Follow by Email

lunes, 29 de julio de 2013

La Transmisión del Riesgo en el Contrato de Compraventa Internacional y la Convención de Viena de 11 de Abril de 1980: Apuntes y reflexiones (I)



"Definir y determinar el momento exacto de transmisión del riesgo de vendedor a comprador constituye un elemento esencial para conocer y asignar las consiguientes responsabilidades, además de las consecuencias legales para ambas ambas partes en el contrato de compraventa internacional".

La Transmisión del Riesgo en el Contrato de Compraventa Internacional y la Convención de Viena de 11 de Abril de 1980: Apuntes y reflexiones (I).

Los ordenamientos jurídicos nacionales y el tratamiento legal de la transmisión del riesgo.

A día de hoy no es difícil afirmar que los ordenamientos jurídicos nacionales no han sido capaces de dar una respuesta ajustada a la realidad, el dinamismo y la complejidad creciente de la actividad comercial internacional.

Dicha realidad no deja de constituir un anacronismo de difícil comprensión, especialmente en lo que se refiere al contrato de compraventa internacional, por conformar éste el soporte jurídico fundamental de los intercambios comerciales que superan las fronteras nacionales.

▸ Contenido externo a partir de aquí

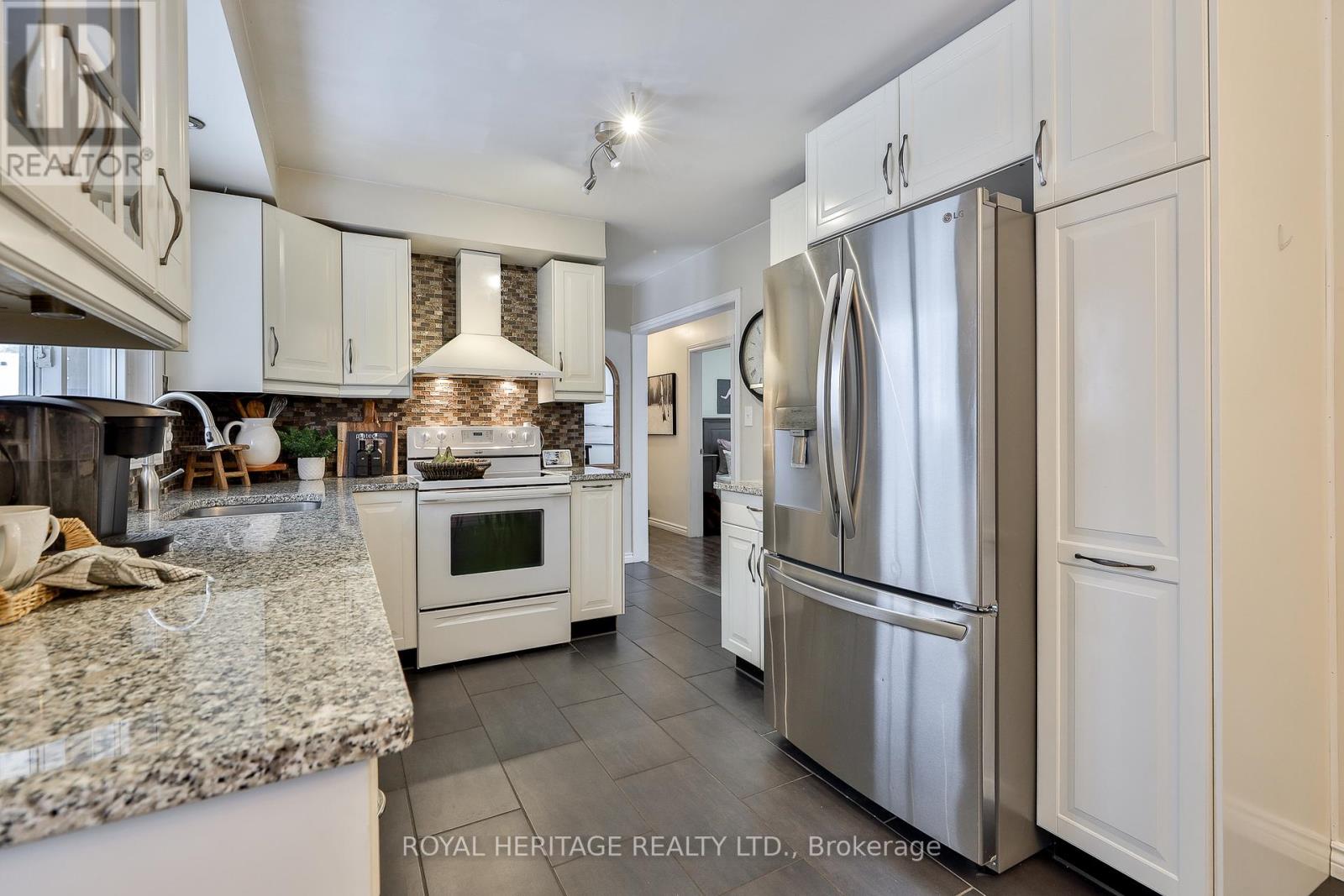 906 Dunlop Street E, Whitby, Ontario  L1N 1T2 - Photo 13 - E12630032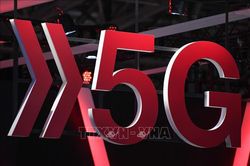 Anh đề nghị Nhật Bản giúp xây dựng mạng 5G thay thế Huawei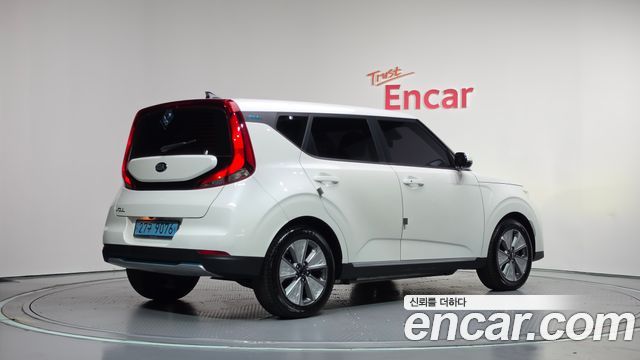 Kia Soul Booster EV Prestige 2021 — фото 2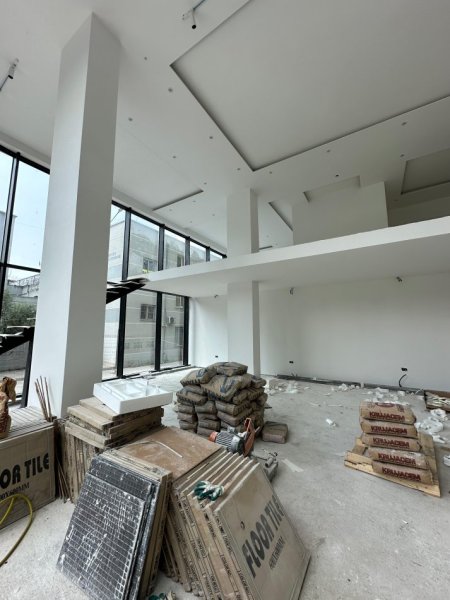Tirane, jepet me qera ambjent biznesi Kati 0, 450 m² 6.750 € (Rruga Jordan Misja) TT 1233
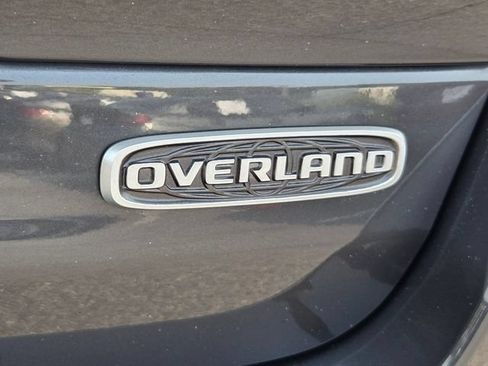 Used 2025 Jeep Grand Cherokee Overland w/ Luxury Tech Group IV AWD/4WD image 30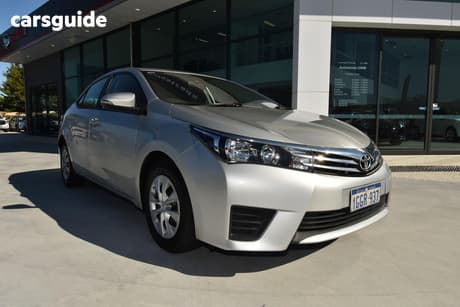 Silver 2014 Toyota Corolla Sedan Ascent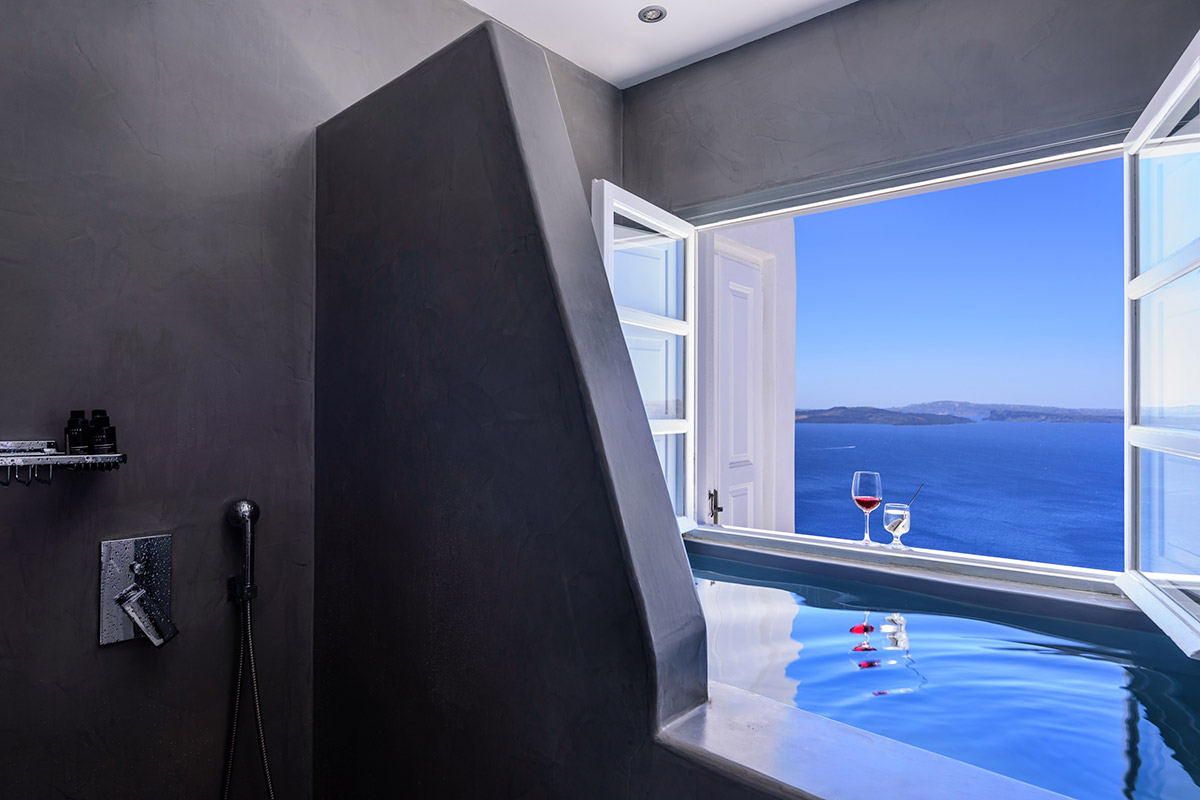 Thirea Santorini Studios – Bathroom with View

La compraventa en plaza, recogida en la mayoría de los códigos nacionales, representa una figura residual carente de sentido si se aplica al ámbito internacional de los negocios. En este caso las partes se encuentran localizadas en distintos Estados, y desde la firma del acuerdo hasta que se hace (o no) efectivo su cumplimiento puede transcurrir un lapso de tiempo considerable, no exento a la exposición de potenciales riesgos.

Además, los sistemas de transporte han evolucionado y sufrido mejoras muy relevantes. En la actualidad es habitual ver como una mercancía atraviesa diversos países en medios de locomoción combinados, circunstancia que, evidentemente, aumenta el nivel de riesgo asociado a la operativa de las transacción comercial.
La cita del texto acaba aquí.